M. Hiblot avait assisté à la mort de sa collègue. Il a atteint le chauffard d'une balle qui a pénétré par la nuque. Il n'était donc pas, techniquement, en légitime défense. Acquitté en première instance, il a fait l'objet d'un appel du parquet qui rejetait la thèse de la légitime défense. Mais il a été de nouveau acquitté par le jury populaire, qui a bel et bien retenu la légitime défense. Ce qui a fait dire à la famille de la victime, Youssef Khaïf, un Algérien de 23 ans, qu'elle n'avait plus confiance dans la justice française.

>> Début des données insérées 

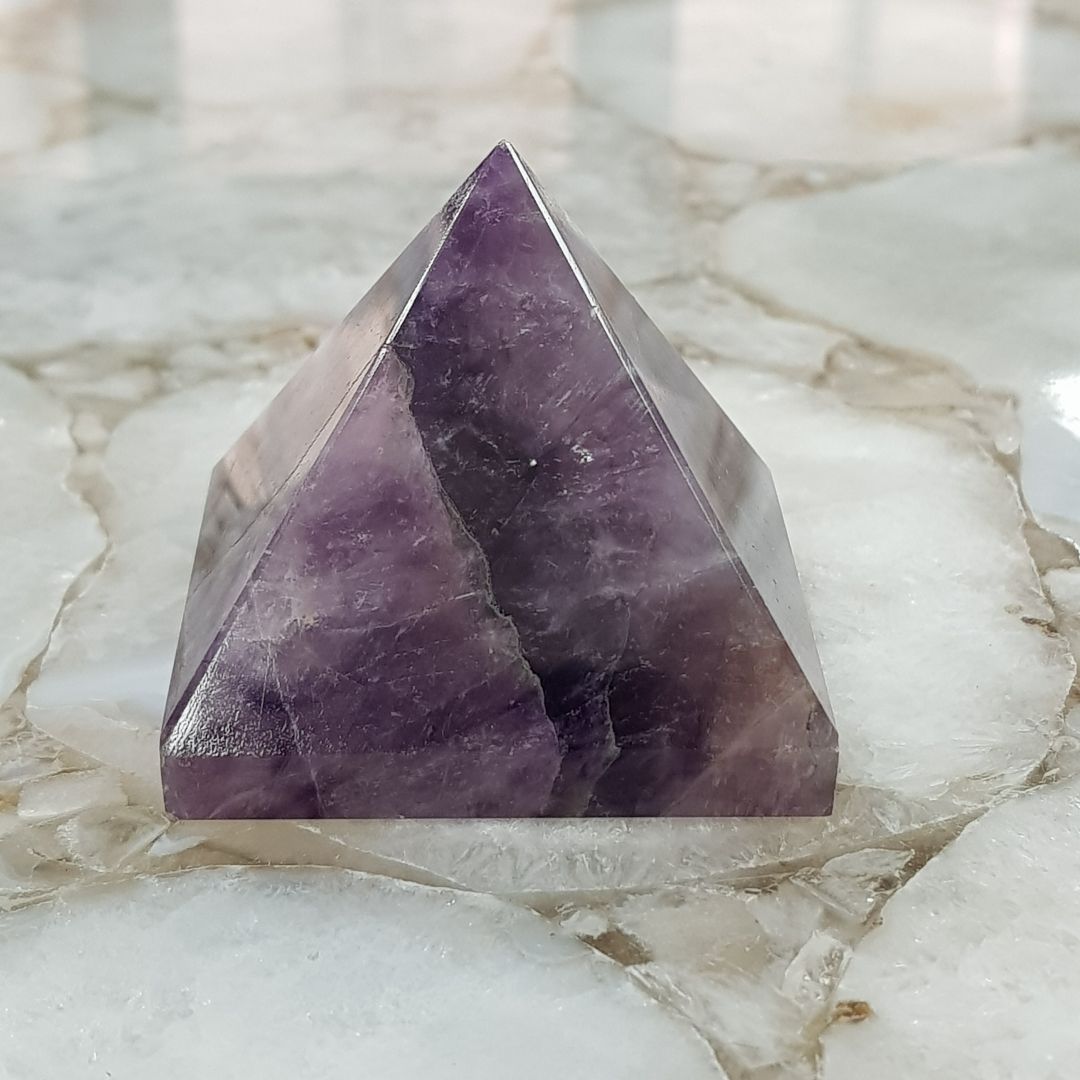 Amethyst - Pyramid - 4.5cm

Il est indéniable que les jurés n'ont pas jugé en droit mais en fonction du contexte et des larges circonstances atténuantes qu'elles ont implicitement reconnues à M. Hiblot. Face au chauffard qui fuyait devant lui, il ne courait aucun danger et les textes précisent que, dans ce cas, un policier ne doit pas se servir de son arme. Le droit estime en effet qu'un délit de fuite ne doit pas mettre en jeu la vie du coupable. Dans ces conditions, il est clair que M. Khaïf a payé son comportement dangereux à un prix excessif.
Les jurés ont pris leur décision non pas en fonction du droit, mais du bon sens. Ils ont vu que certains jeunes gens volent des voitures, se livrent à des rodéos et sont si peu respectueux de l'ordre établi que la vue d'un policier ne les effraie nullement ; au contraire, dans un cas, le chauffard n'a pas hésité à lancer la voiture sur la policière et, dans l'autre, il n'a pas obéi aux sommations.

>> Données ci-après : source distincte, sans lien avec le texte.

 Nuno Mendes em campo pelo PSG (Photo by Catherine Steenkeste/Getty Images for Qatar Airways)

Les avocats de la partie civile ont très bien fait leur travail : ils ont démontré qu'il n'y avait pas, en l'occurrence, de légitime défense ; ils ont rappelé que le cas précédent, qui avait bouleversé M. Hiblot (et on le comprend), a été jugé et que l'accusé a été condamné à dix ans de prison ; et qu'en conséquence il n'y avait pas lieu de faire porter à M. Khaïf la responsabilité d'un délit qui ne le concernait pas.

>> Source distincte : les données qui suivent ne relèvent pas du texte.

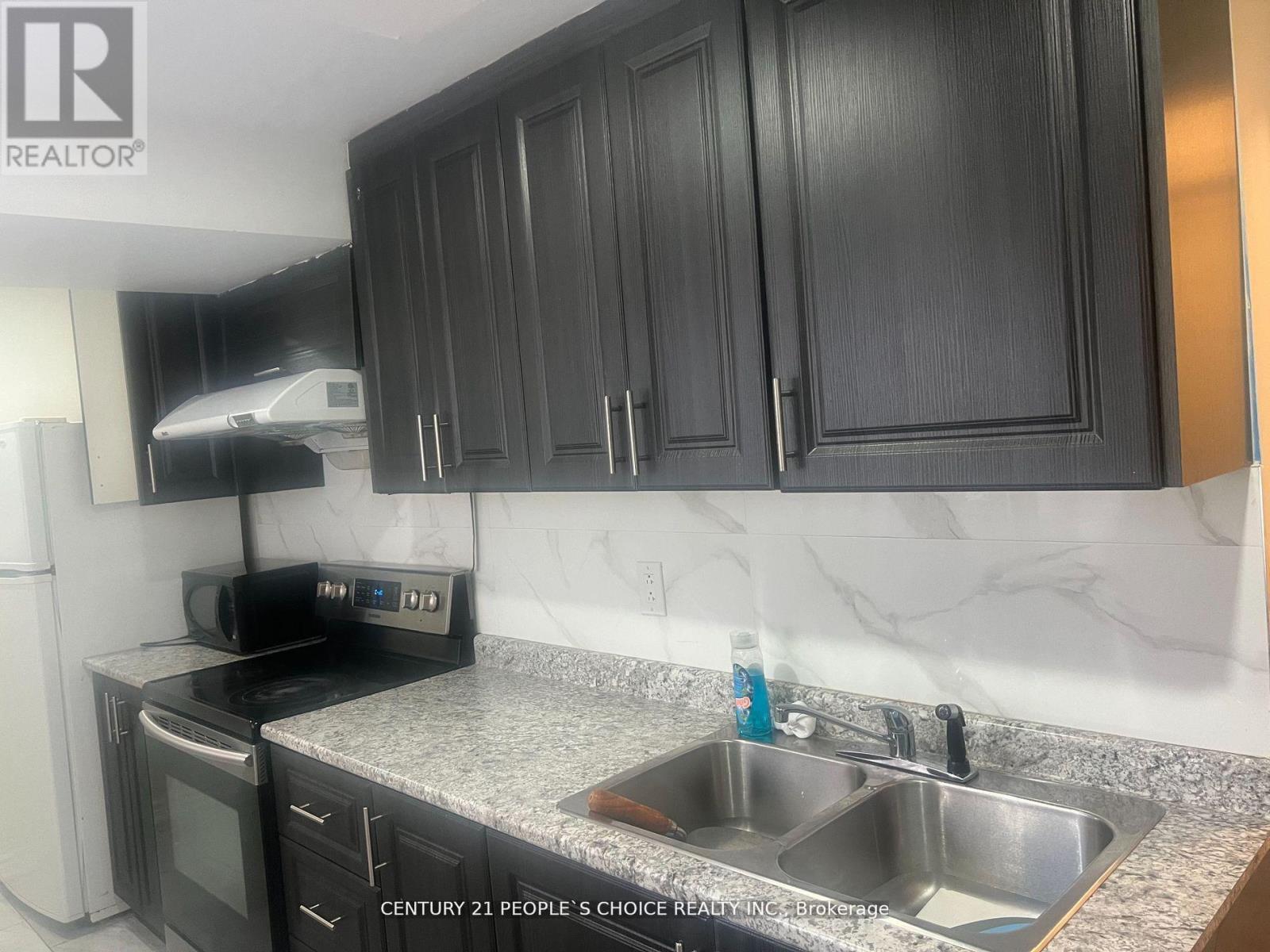 












14 ALBERMARLE COURT

,
Brampton (Heart Lake),




Ontario
L6Z1R4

En d'autres termes, les avocats et la famille exigeaient que les jurés apprécient les faits froidement, dans le strict respect des dispositions du code pénal, sans se soucier des émotions de M. Hiblot qui, en somme, n'est pas autorisé à en ressentir dans l'exercice de sa profession.
Ils ont raison. Mais se livrer à un rodéo avec une voiture est une action extrêmement dangereuse qui appelle une réaction rapide et ferme des forces de l'ordre. Aussi légitime que soit le chagrin de la famille, elle ne peut pas ignorer que M. Khaïf ne se comportait pas comme un saint et que, à bord de la voiture volée, il représentait un danger pour la vie des résidents de Mantes.
Si les jurés avaient condamné M. Hiblot, ils auraient fait savoir à tous les voleurs de voiture qu'ils peuvent rouler impunément tant qu'ils ont de l'essence dans le réservoir et que nul ne peut les arrêter. Or les délits commis par M. Khaïf étaient multiples : il n'est pas permis de voler une voiture ; il n'est pas permis d'en faire une bombe roulante ; il ne vous est pas permis de poursuivre votre route si un agent de la force publique vous fait signe de vous arrêter.
De sorte que, si avait été rendue la justice des textes, une autorisation aurait été donnée d'enfreindre trois dispositions sur le vol de voiture, l'excès de vitesse et le refus d'obtempérer. On ne saurait reprocher aux jurés des Yvelines d'avoir préféré adresser une mise en garde aux voleurs de voiture : si vous volez, c'est à vos risques et périls. Nul doute que des juristes pointilleux exprimeront leur désaccord. Mais ce n'est pas en mettant le droit au service des criminels qu'on améliorera le fonctionnement de la société.